Fix incorrect error reporting in recoverable mode #1654

let-def · 2017-11-20T14:15:43Z

Error were not reported properly in recoverable mode (... because I forgot one step of menhir checkpoint interpretation when recovering, my bad 👎).

The first patch helped me make recovery code a bit more local but is not necessary, only the second one matters.

With this patch, errors in editors should be as good as error in batch mode (otherwise it deserves an issue).

chenglou · 2017-11-20T18:45:28Z

Oh boy, this is a huge fix, thanks!

jordwalke · 2017-11-22T07:30:44Z

@let-def This is definitely a huge improvement.

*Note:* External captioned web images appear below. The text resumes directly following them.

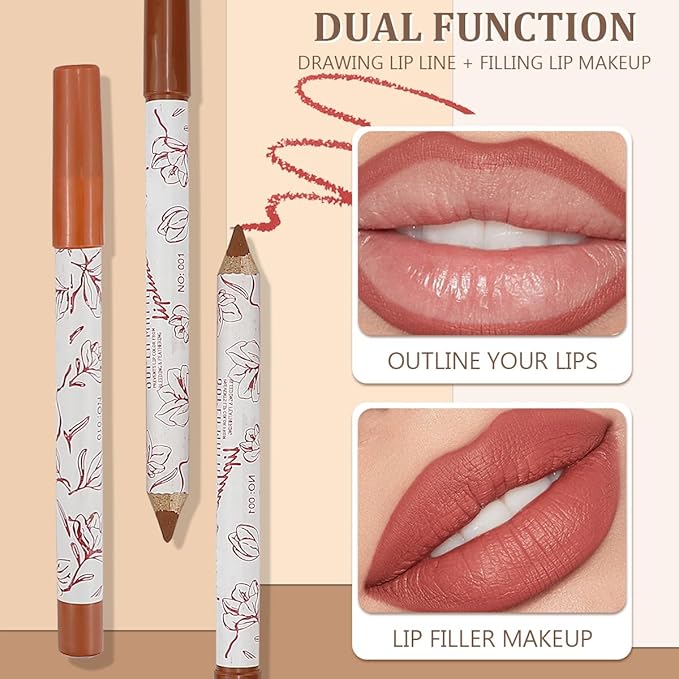 12 Colors Matte Lip Liner Lipliner Pencil Velvet Lip Liner Slim Lip Pencil Smooth Lipsticks Waterproof Long Lasting Lip Liner Makeup Supplies Lip plumper Cosmetic Set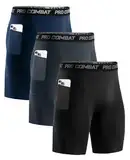 Niksa 3 Pack Herren Kompressionsshorts, Sport Unterhosen Männer Schnelltrocknendes Laufunterwäsche, Atmungsaktiv Laufhose Herren Kurz mit Handytasche, Schwarz, Grau, Marineblau, L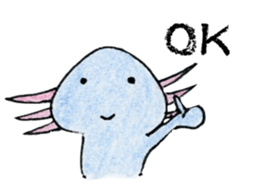 Axolotl painted by colored pencil. ver.2 sticker #13838417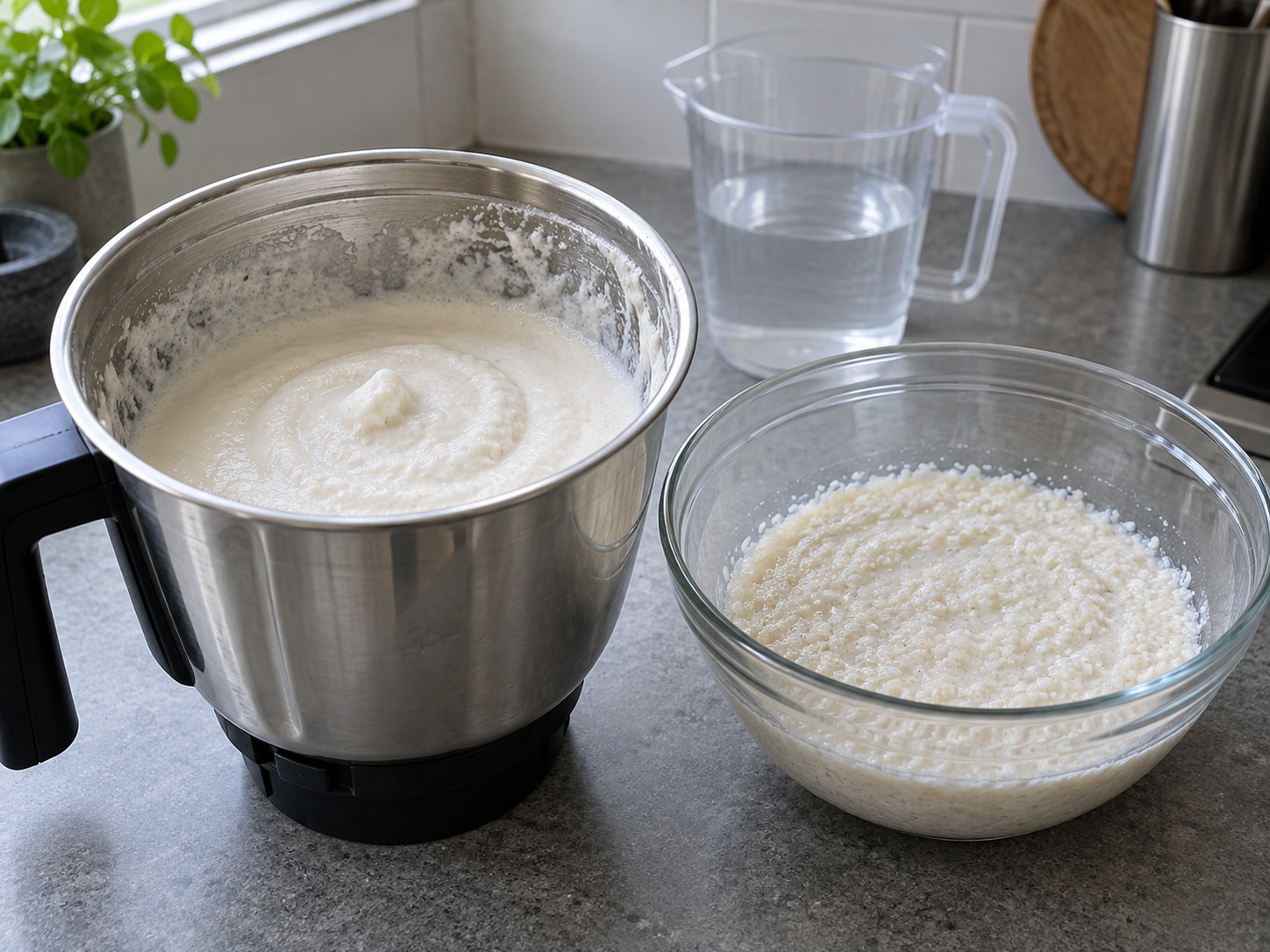 Indian Idli na Pinasingawang Bigas at Daal — I-blend nang magkahiwalay sa takdang tubig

Consider the following file:

let x = 2340

let y = 234;

Before this PR, the -r --print ast version of the AST was:

[
  structure_item ([1,0+0].../bin/Hello.re[1,0+0])
    Pstr_extension "merlin.syntax-error"
    [
      structure_item (_none_[1,0+-1]..[1,0+-1]) ghost
        Pstr_eval
        expression (_none_[1,0+-1]..[1,0+-1]) ghost
          Pexp_constant Const_string("invalidCharacter.orComment.orString",None)
    ]
]

It didn't even include the second let binding in the AST.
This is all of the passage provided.